Three hours wasn’t enough for some viewers: On January 12, SBS ran a 17-hour version of Indian Pacific on its secondary VICELAND channel.

SBS will also run an all-day version of The Ghan on January 26 on VICELAND.

This year’s Slow TV from SBS will also include The Kimberley Cruise, a boat trip from Broome to Darwin, All Aboard! The Canal Trip, along England’s Kennet and Avon Canal, and North to South, an epic journey from Auckland to New Zealand’s South Island, by rail, boat, and road.

KiwiRail gets in on it

New Zealand TV network Prime will also join the Slow TV party, producing, in partnership with KiwiRail, Go South, a 12-hour journey from Auckland to Milford.

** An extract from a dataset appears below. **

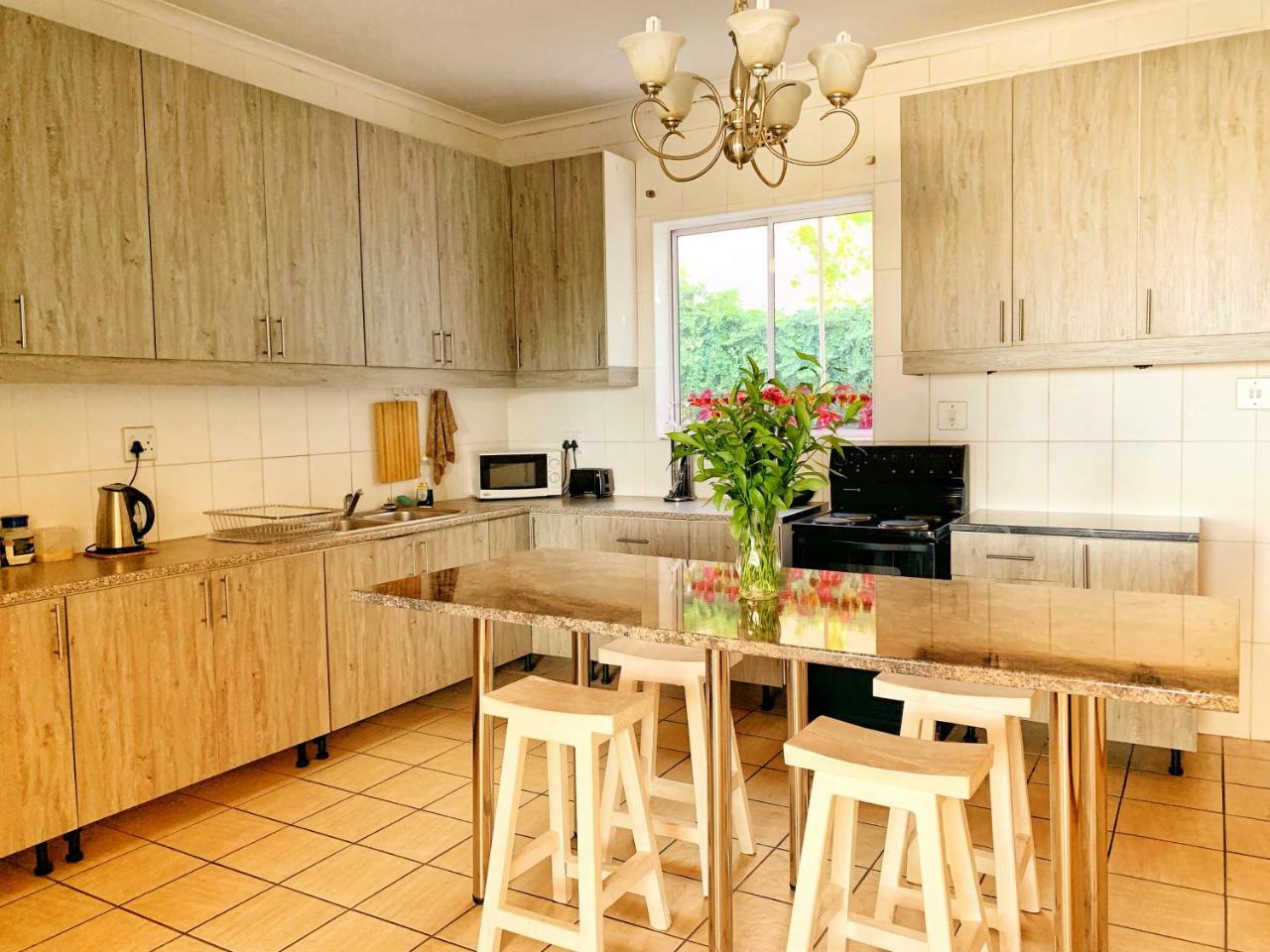 12 Greenpoint Guesthouse Kapstaden Eksteriør billede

Viewers will travel on the Northern Explorer from Auckland to Wellington, cross the Cook Strait on Interislander, take the Coastal Pacific from Picton to Christchurch and cross the Southern Alps to the West Coast on the TranzAlpine.

“The return of the Coastal Pacific in December connected the dots between Picton and Christchurch, and increasing numbers of customers are booking the entire journey from Auckland through to Greymouth,” KiwiRail head of tourism and marketing Ahleen Rayner said.

“Worldwide, there has been a resurgence in demand for immersive journeys, and it’s definitely something we’ve seen reflected here in New Zealand. Last summer we experienced a record tourism season and we’re expecting similar results this year.

“To capture the footage, special cameras were positioned throughout our ferries and trains, including the cabs of our locomotives – meaning viewers also have the unique opportunity of seeing what our drivers see.”